Scheduling thread can die silently

Question

Scheduling thread can die silently

blowfishpro opened this issue 2 years ago · 7 comments

Steps to reproduce:

Install rufus-scheduler version 3.8.1 (the latest version at present)

Run the following script:

require 'rufus-scheduler'

scheduler = Rufus::Scheduler.new
scheduler.every '10s', blocking: true do
  puts 'job triggered'
  t = Thread.current
  Thread.new do
    sleep 1
    t.raise('example exception')
  end
end
scheduler.join

Observed behavior:

The job is triggered only once, then the script hangs forever but the job isn't run again

Desired behavior:

The aborted scheduler thread causes the script to exit
Maybe join raises an exception if the scheduling thread died abnormally?

Workarounds:

Ensure that "example exception" is not raised on the calling thread
Don't use blocking jobs (in the code above only the worker thread will die and the cron will keep firing and spawning new worker threads)

Notes, explanation, and context:
The code that just triggers an exception in the originating thread seems weird but it's a simulation of how the bunny gem (RabbitMQ client) handles some network errors - a new bunny connection creates some listener threads which by default raise an exception in the originating thread when they encounter a network error). This behavior is configurable, but it also seems like the rufus code is a bit brittle in this regard.

In particular, this code - maybe rejoin should be in an ensure to make sure it always gets called at the end of the thread? It would also be nice in this case to know from join that the scheduler thread raised an exception.

As a side note, in our current architecture we run rufus as a dedicated process whose only purpose is to schedule jobs. It seems like the dedicated thread for scheduling jobs is unnecessary in this case? But rufus doesn't provide an interface for scheduling synchronously on the calling thread.
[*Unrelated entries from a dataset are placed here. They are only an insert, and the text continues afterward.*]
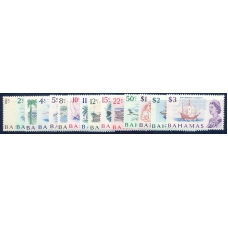 Bahamas. SG £29.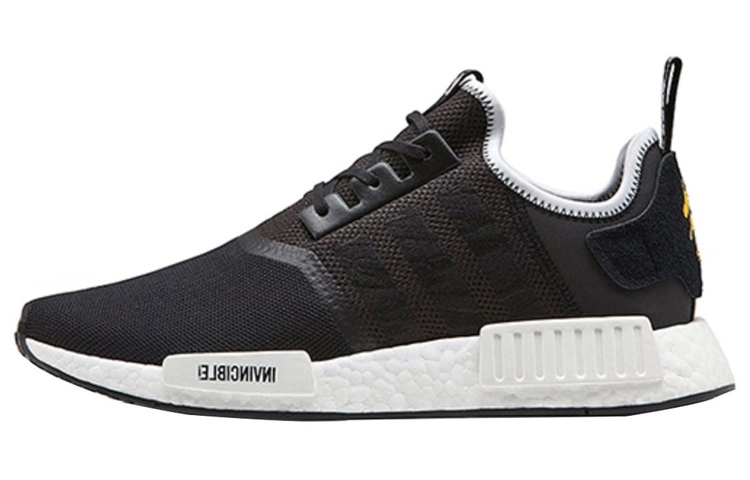 NEIGHBORHOOD x Invincible x adidas originals NMD_R1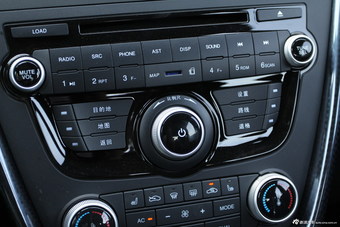 2015款奔腾X80 1.8T自动运动型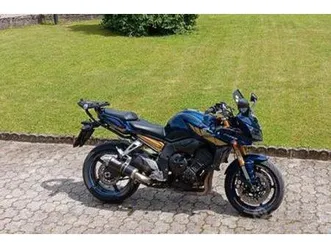 yamaha fz1 fazer - 2007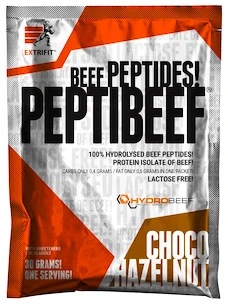 Extrifit  PeptiBeef 30 g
These changes seem relatively straightforward, if there's buy-in I'm happy to submit a pull request with them.

Answer 1 · 2022-05-10T01:50:02.000Z

Hello Talia,

thanks for your issue report.

Have you had a look at #on_error, you might exit your script from there.

As a side note, in our current architecture we run rufus as a dedicated process whose only purpose is to schedule jobs. It seems like the dedicated thread for scheduling jobs is unnecessary in this case?

If I were in your shoes, I'd probably reduce the script to something like:

require 'fugit'

#CRON = Fugit.parse('every 10s')
CRON = Fugit.parse('*/2 * * * *')

FREQUENCY = [ CRON.rough_frequency / 2, 60 ].min

nt = CRON.next_time

loop do
  n = Time.now
  if n > nt
    p [ n, :doing_the_job ]
    nt = CRON.next_time
  else
    puts '.'
  end
  sleep FREQUENCY
end

Answer 2 · 2022-05-10T02:38:44.000Z

on_error seems useful in general but it won't work in this case - the exception is oftenraised while the scheduler thread is sleeping, not while it is currently invoking a job.

I provided a simplified example for reproduction but in reality our scheduler process is handling potentially dozens of cron schedules at once, which is why we're using rufus in the first place.

Answer 3 · 2022-05-10T02:49:54.000Z

What version of Ruby are you using?

on ruby 2.6.6p146 (2020-03-31 revision 67876) [x86_64-openbsd6.7]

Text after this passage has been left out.